I'm in the middle of building a set of 650b wheels. I chose Kinlin TL23 rims because I was pretty price sensitive for this build and I have read a number of good opinions of them in various places. I'm building them 32/3x with Sapim race spokes and Bitex BX106 centerlock hubs. With nipples and nipple washers and bikehubstore's black Friday discount the set comes in at around $300.


----------



## ergott (Feb 26, 2006)

Since I'm using a big tire (42m) at low pressure and disc brakes I went with carbon. They are so much lighter and I've really tried to abuse them. They have been really strong (a few D2R2 rides and the like). Using Nox Skyline rims which aren't too crazy expensive. They also have a heavier model.

Others have reported good results with rims from Light-Bicycle which cost less.
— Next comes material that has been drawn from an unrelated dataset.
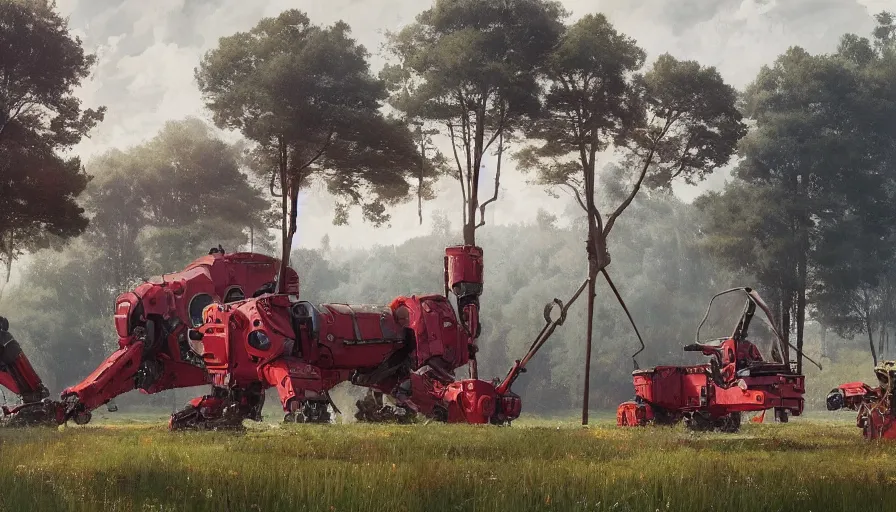 Image similar to a beautiful swedish farm with giant robots, art by jakub rozalski and simon stalenhag, realistic, hyperrealism 8 k resolution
I think carbon makes sense in this application.

For alloy also DT is great and also look into the new rims from Astral (Rolf). They are made here and Rolf quality has been good. 
https://astralcycling.com/


----------



## MudSnow (Sep 18, 2015)

DT Swiss XM 421 is a great rim choice.
I would recommend the Bitex BX106 centerlock hubs instead of Shimano.
Lighter and easier to maintain.


----------



## bubble (May 19, 2007)

Regardless of what rim you choose, i think the first thing is to determine your own attitude about rims. For me, i think i'll assume rim strikes are going to be rare, so if i smash one it's because of a significant and uncommon mistake and that no rim was going to survive. Those happen sometimes when you ride dirt, so i don't want it to be super expensive. I'd choose a lightweight alloy rim.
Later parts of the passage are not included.